EXERCISE DATA
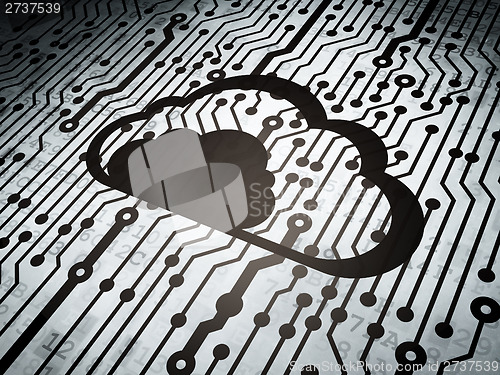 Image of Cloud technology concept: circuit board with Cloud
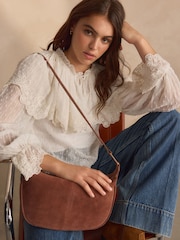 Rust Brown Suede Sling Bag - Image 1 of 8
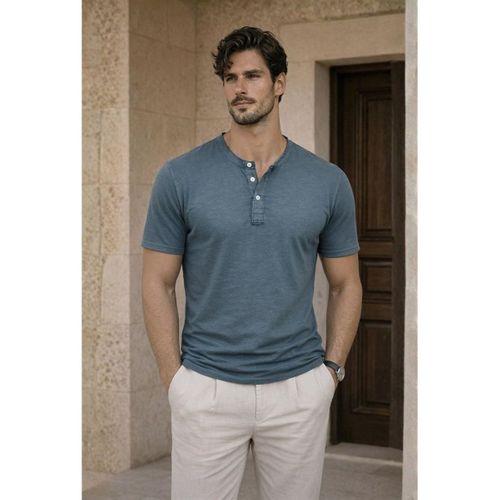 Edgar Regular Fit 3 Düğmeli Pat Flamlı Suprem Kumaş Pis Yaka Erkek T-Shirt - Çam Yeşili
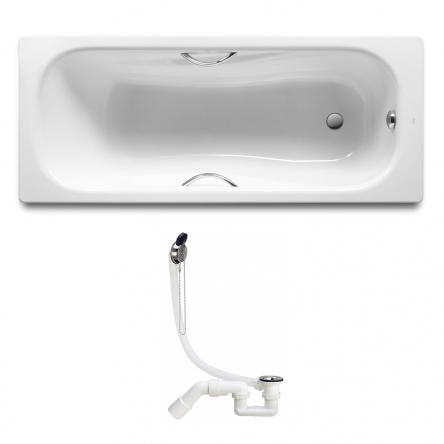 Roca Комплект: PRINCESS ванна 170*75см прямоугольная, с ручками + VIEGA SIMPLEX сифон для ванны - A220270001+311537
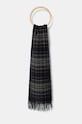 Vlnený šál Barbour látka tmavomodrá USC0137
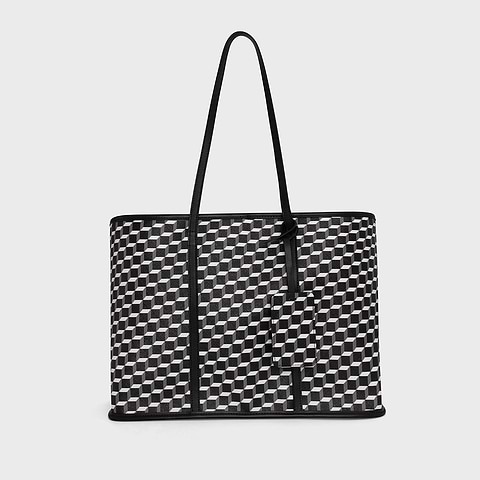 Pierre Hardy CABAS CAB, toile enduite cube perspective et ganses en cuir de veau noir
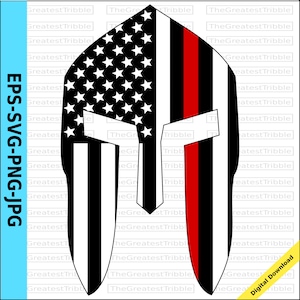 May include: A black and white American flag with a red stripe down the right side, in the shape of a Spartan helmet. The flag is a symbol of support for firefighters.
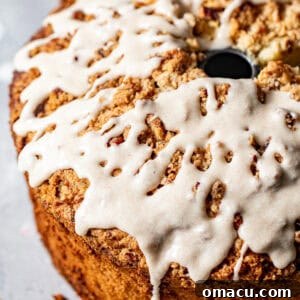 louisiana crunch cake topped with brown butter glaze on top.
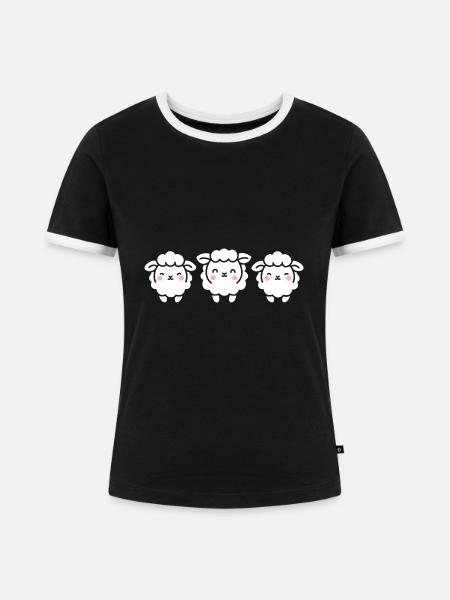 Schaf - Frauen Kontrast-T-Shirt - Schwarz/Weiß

---

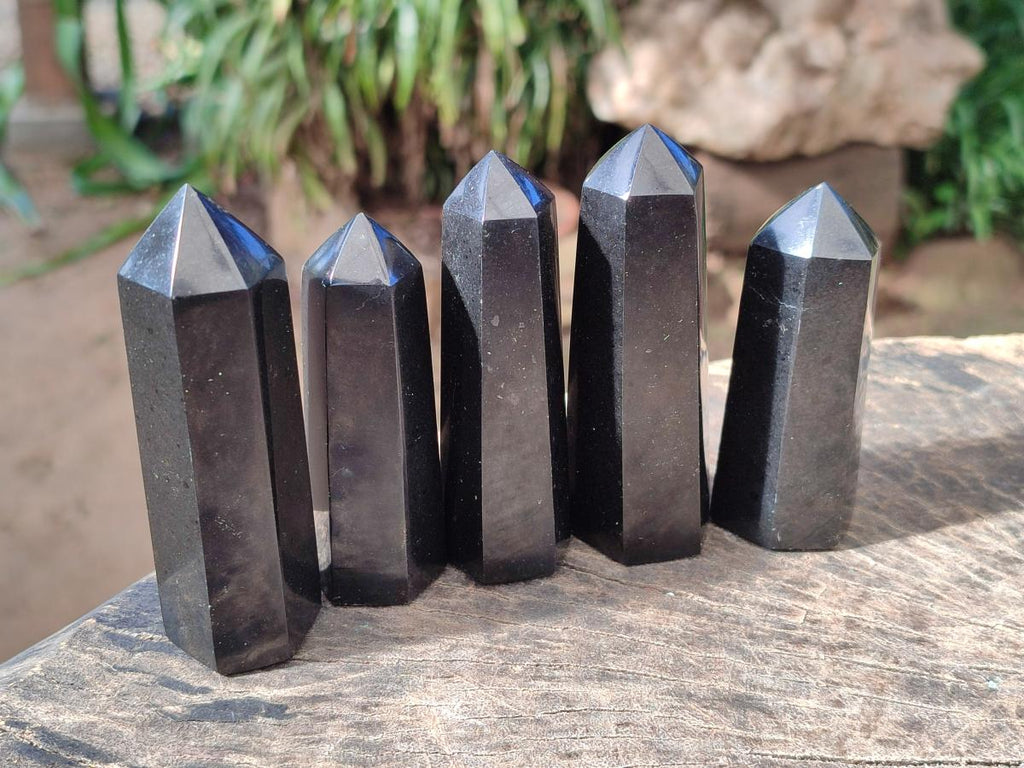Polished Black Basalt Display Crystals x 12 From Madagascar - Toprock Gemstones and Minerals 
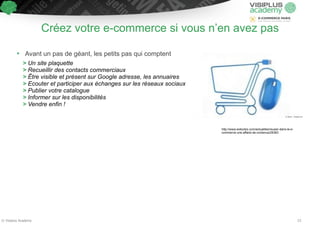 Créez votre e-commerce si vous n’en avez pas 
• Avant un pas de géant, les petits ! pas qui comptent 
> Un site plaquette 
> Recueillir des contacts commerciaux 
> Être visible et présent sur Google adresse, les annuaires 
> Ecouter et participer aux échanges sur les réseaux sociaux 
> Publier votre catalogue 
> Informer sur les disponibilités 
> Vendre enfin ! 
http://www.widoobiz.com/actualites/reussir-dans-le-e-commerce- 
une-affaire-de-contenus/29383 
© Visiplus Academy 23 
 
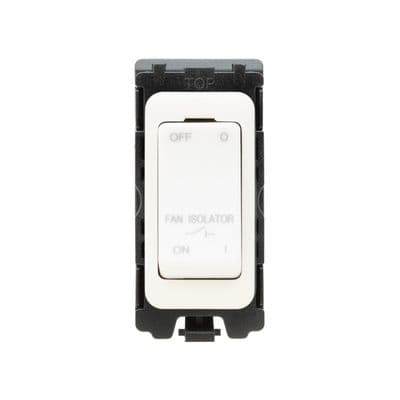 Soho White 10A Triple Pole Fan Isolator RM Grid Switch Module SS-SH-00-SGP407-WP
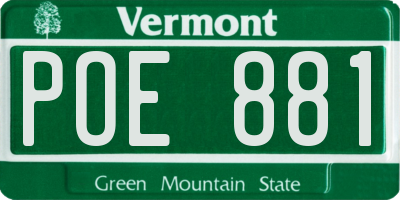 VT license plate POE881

PROBLEM
Output only the stretch above from the line with "Image of Cloud" through the line with "Pierre Hardy CABAS", reproduced exactly. Exclude pictures.

PROBLEM SOLUTION
 Image of Cloud technology concept: circuit board with Cloud
 Rust Brown Suede Sling Bag - Image 1 of 8
 Edgar Regular Fit 3 Düğmeli Pat Flamlı Suprem Kumaş Pis Yaka Erkek T-Shirt - Çam Yeşili
 Roca Комплект: PRINCESS ванна 170*75см прямоугольная, с ручками + VIEGA SIMPLEX сифон для ванны - A220270001+311537
 Vlnený šál Barbour látka tmavomodrá USC0137
 Pierre Hardy CABAS CAB, toile enduite cube perspective et ganses en cuir de veau noir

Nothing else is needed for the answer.